Literary giant Gabriel García Márquez dies in Mexico City at age 87

Nobel Prize-winning novelist had been receiving palliative care at his home Colombian-born writer is considered one of the greatest authors of the 20th century

Gabriel García Márquez speaks to reporters outside his home in Mexico City on his birthday March 6, 2014.
Gabriel García Márquez speaks to reporters outside his home in Mexico City on his birthday March 6, 2014. Mario Guzmán (EFE)

Gabriel García Márquez, the Nobel Prize-winning author whose novel One Hundred Years of Solitude is considered one of the finest works of 20th-century literature, died on Thursday at his home in Mexico City. He was 87.

His death came just days after the Colombian author’s family acknowledged that he was in “delicate health” after the Mexico City daily El Universal reported that he was receiving palliative care. The Colombian government, however, had denied El Universal’s report that he was dying from lymphoma, a disease he had been suffering from for the past decade.

A private man, García Márquez complained about the media coverage during a stay at a hospital where he was treated, according to his son, for a respiratory infection in late March.

Besides One Hundred Years of Solitude, his greatest works include Autumn of the Patriarch, Love in the Time of Cholera and The General in his Labyrinth.

“One Hundred Years” is required reading for Latin American students

Born in Aracataca, on Colombia’s Caribbean coast, on March 6, 1927, “Gabo,” as he was known throughout his life, spent his childhood growing up in his grandparents’ house. The eldest of 11 children, he attended school in Barranquilla and received a scholarship in 1940 to continue his studies in Zipaquirá, where he graduated from the Colegio Nacional. He was selected to speak at the graduation ceremonies.
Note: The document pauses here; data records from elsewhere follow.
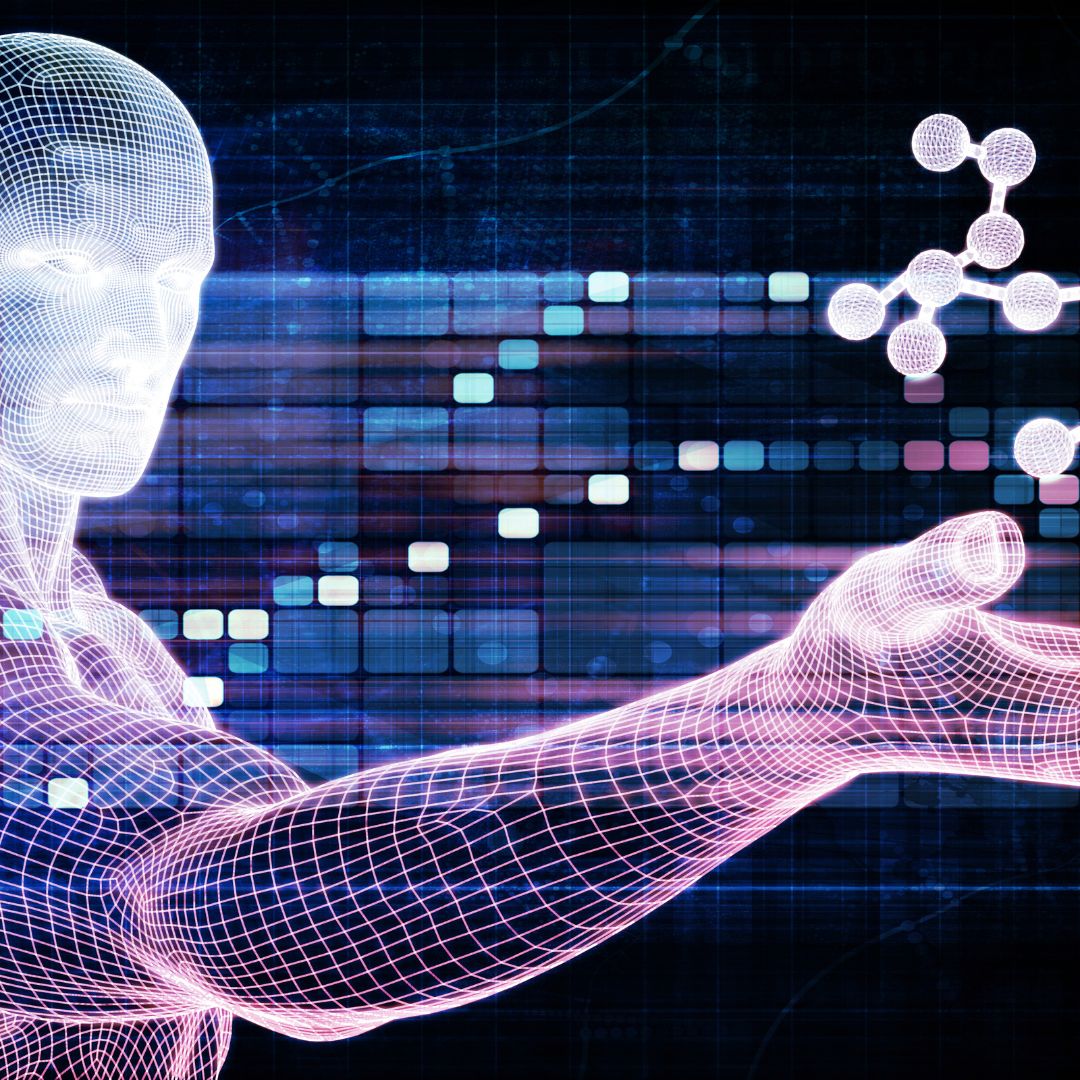 School of Social Science & Humanities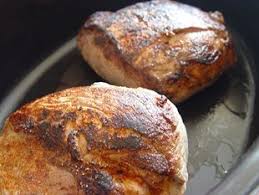 Rezept Rinderbraten Nach Omas Lieblingsrezept Rezept Rinderbraten Rezepte Braten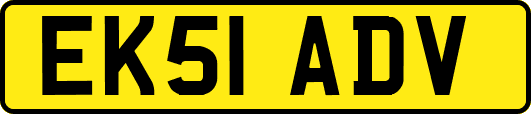 EK51ADV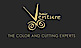 Salon Sauvage Day Spa & Boutique's Competitor - Hairventure Hair Salon And Spa In Weston Fl logo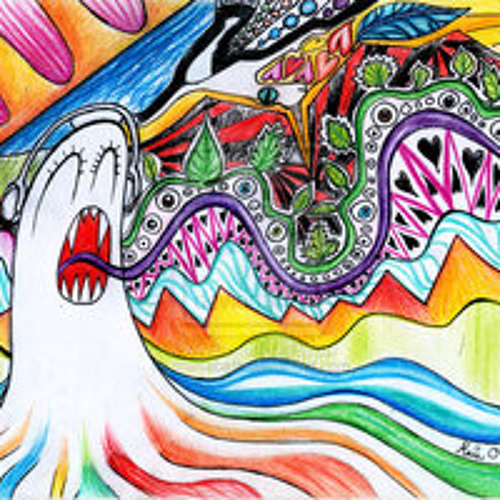 Ghost Fragement 165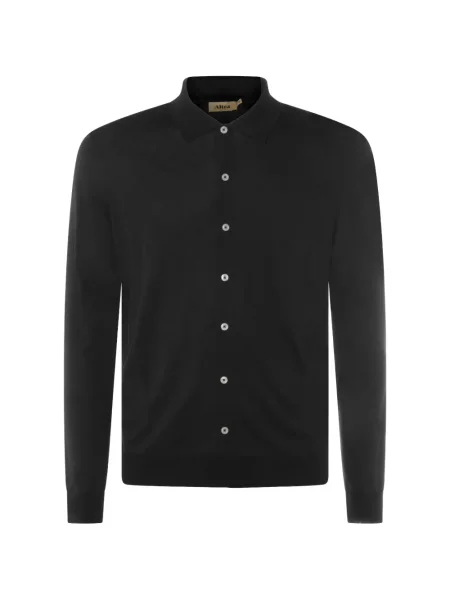 Koszula Altea czarna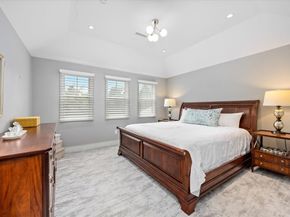 2 Black Rock Dr 21, Hingham MA 02043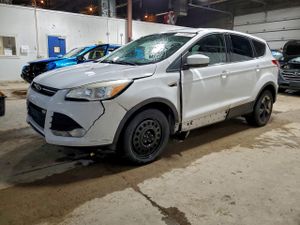 Ford Escape SE 1.6L 4 2013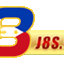 j8scomph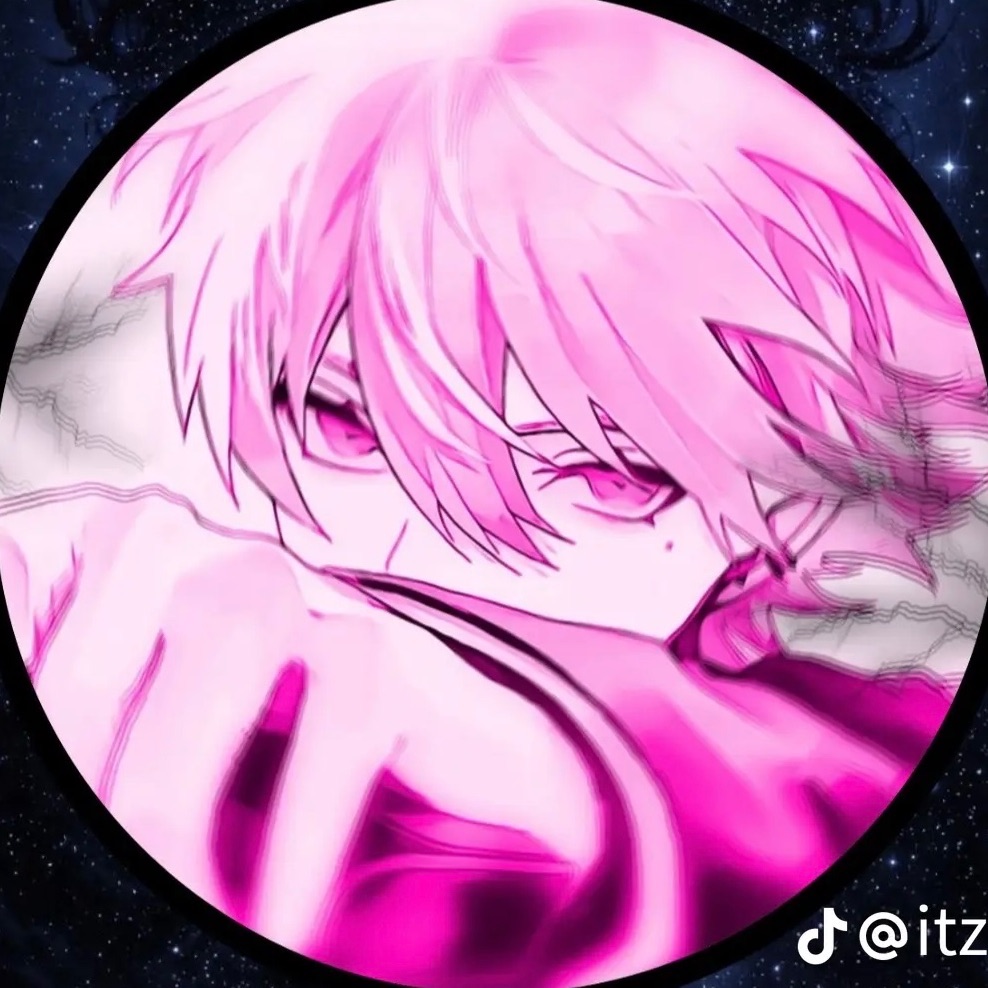 saiinTzzZ FACEIT avatar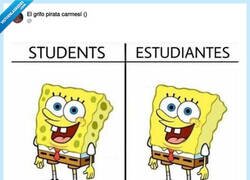 Enlace a Veo unos cuantos agujeros de más, por @ErigolDelViento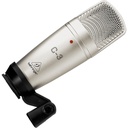 MICROFONO BEHRINGER D/CONDENSADOR C-3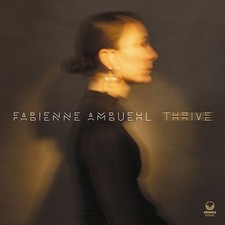 Thrive gebraucht kaufen  Berlin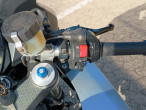 2005 Suzuki SV 1000 S 2005 Suzuki SV 1000 S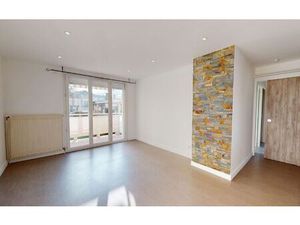 Appartement Annecy 66.54 m² T-4 à vendre  310 000 €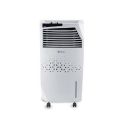 Bajaj TMH36 SKIVE TOWER AIR COOLER (36 L)...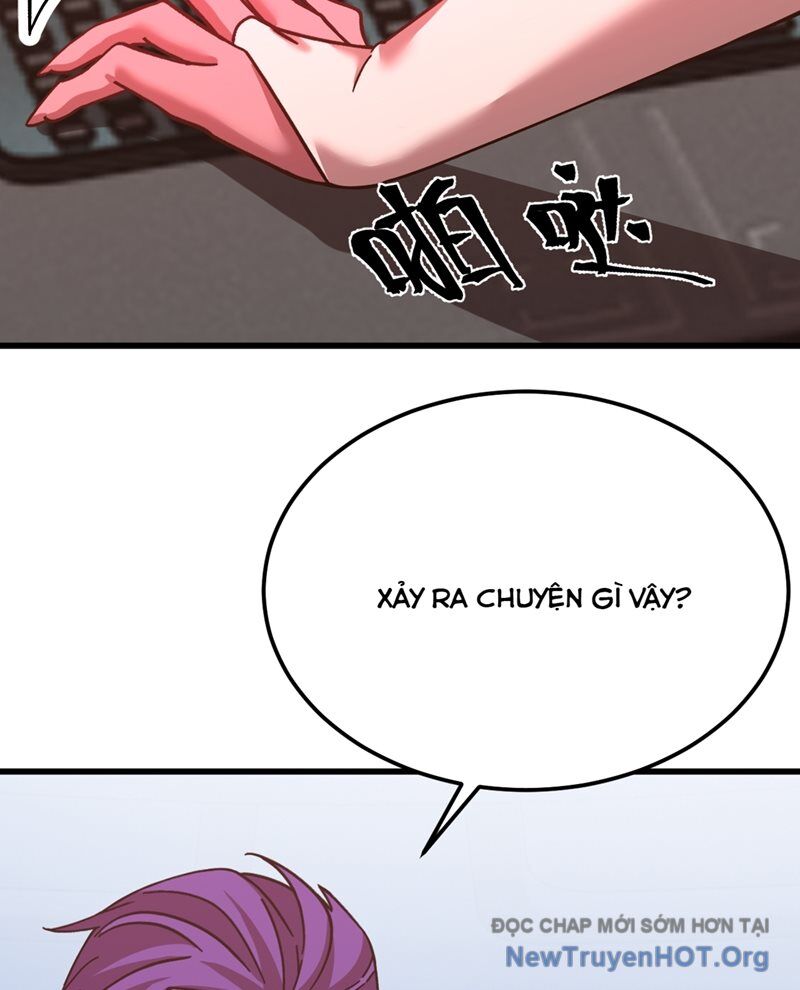 Chapter 246 - Image 9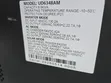 Solar Nyumbani 6.5KVA 48V Low Frequency Hybrid Inverter - 2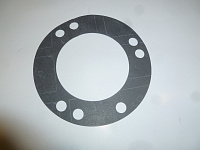 Прокладка соединительного диска ТНВД TDY 90 6LT/Connecting plate gasket (B8500-1111002)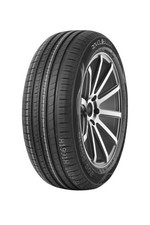 Pneu 195/70 r14 91H ROYAL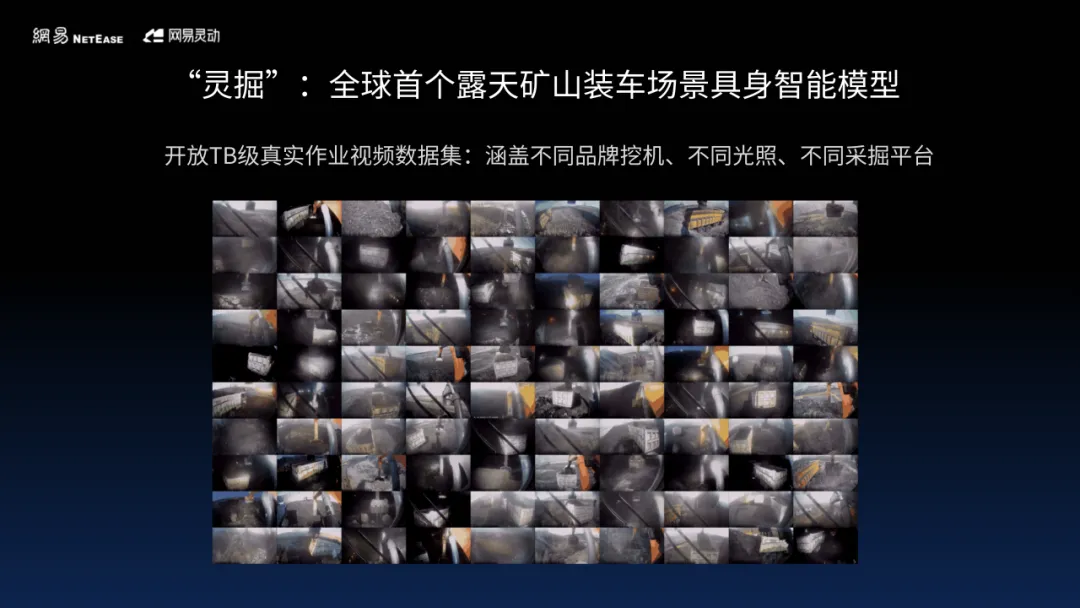 网易灵动_灵掘具身智能模型_机械智能化-4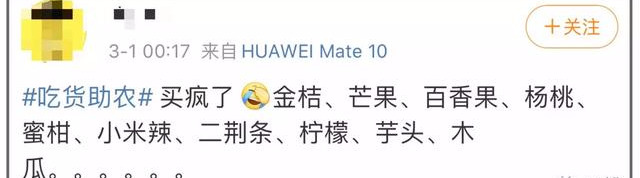 孙俪每月资助500元，4年后却被一封6000字的讨伐信骂上热搜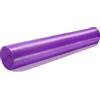 Yes4All PE Foam Roller - Rullo Muscolare Ultraleggero a Densità Morbida Lungo 30/45/61/91 CM per Schiena, Gambe, Allenamenti, Esercizi di Riscaldamento, Palestra, Pilates, Fitness, Yoga
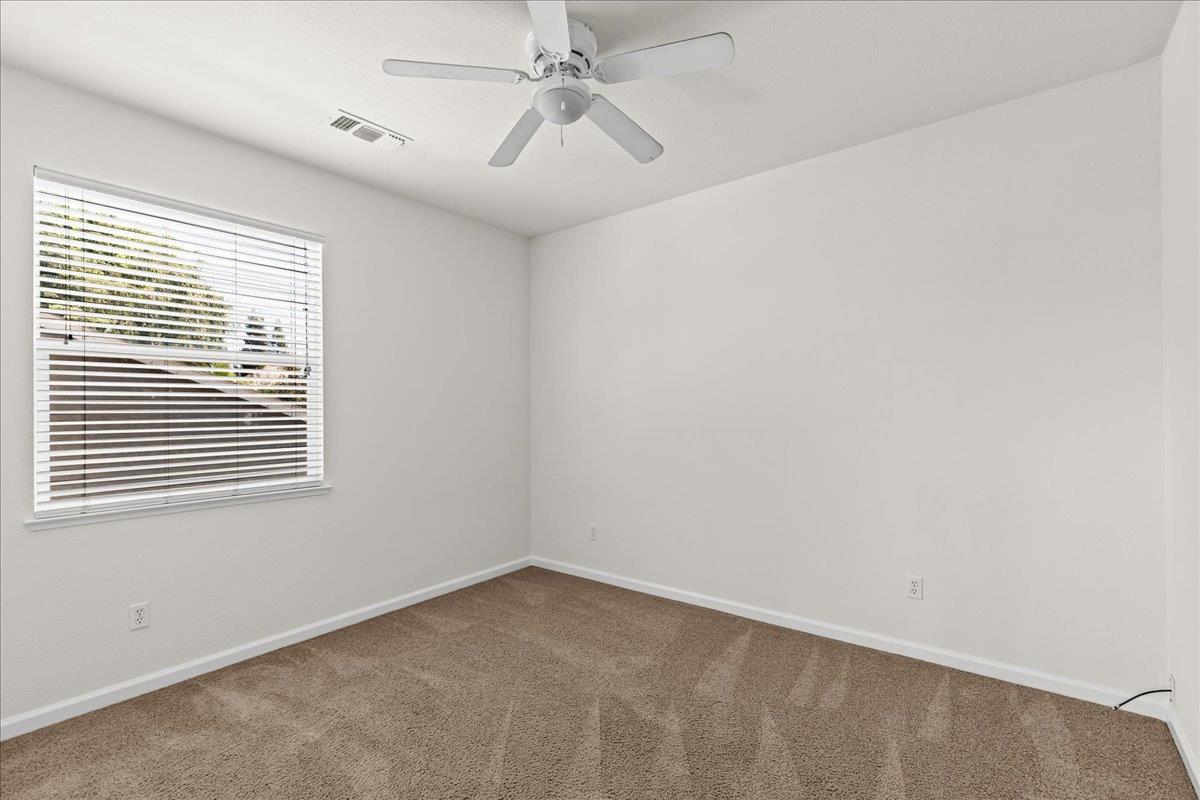1109 Deitz Cir, Oakdale, CA 95361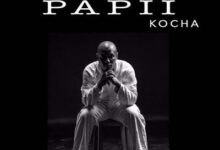 Audio: Papii Kocha – Waambie (Mp3 Download) - KibaBoy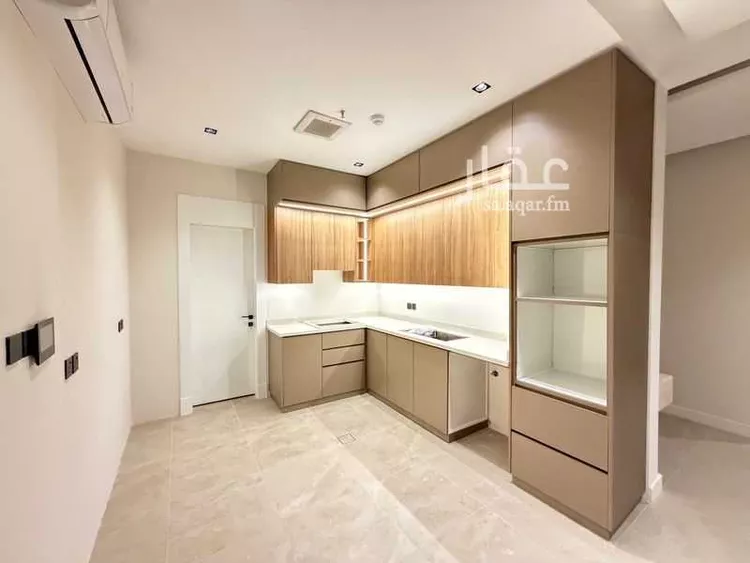 شقة للإيجار في شارع أبي الحسن بن مسعود, حي القدس, مدينة الرياض, منطقة الرياض 7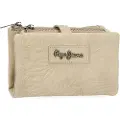 Pepe Jeans Jana Purse Damepung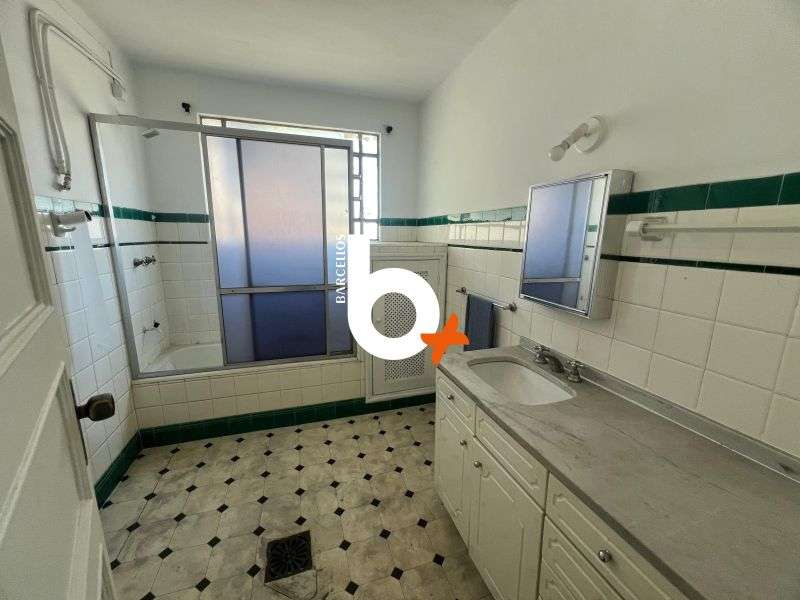 Apto com 3 quartos, 1 banheiro e 97m² à venda no bairro Independencia, Porto Alegre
Influenced by Kafka and Joyce, he made his literary debut in 1947 with La tercera resignación (The Third Resignation). At the time, he was studying law and political science at Colombia’s National University.

But it was his 1967 novel One Hundred Years of Solitude – about the trials and tribulations of the generations of the fictional patriarchal Buendia family – that won the most acclaim, and is perhaps considered his best work. It has been translated into more than 30 languages and is required reading for students throughout Latin America.

He dabbled in journalism, working for El Espectador in Bogota and El Universal in Cartagena for brief periods. In 1958 he married Mercedes Barcha, who survives him along with their two sons, Rodrigo and Gonzalo.

His fame as a writer grew considerably following One Hundred Years of Solitude. He became a life-long friend of Cuba’s Fidel Castro and often defended him in public forums.

In 1972, he was awarded the prestigious Rómulo Gallegos Prize. But 10 years later, more people around the world came to know him when he was given the Nobel Prize for Literature.

Two of his last novels, News of a Kidnapping (1996) and Memories of My Melancholy Whores (2004), as well as his autobiography Living to Tell the Tale (2002), were all well received and also translated into different languages.

He had been living for the past three decades in the affluent Mexico City suburb of San Ángel, which is where he passed away.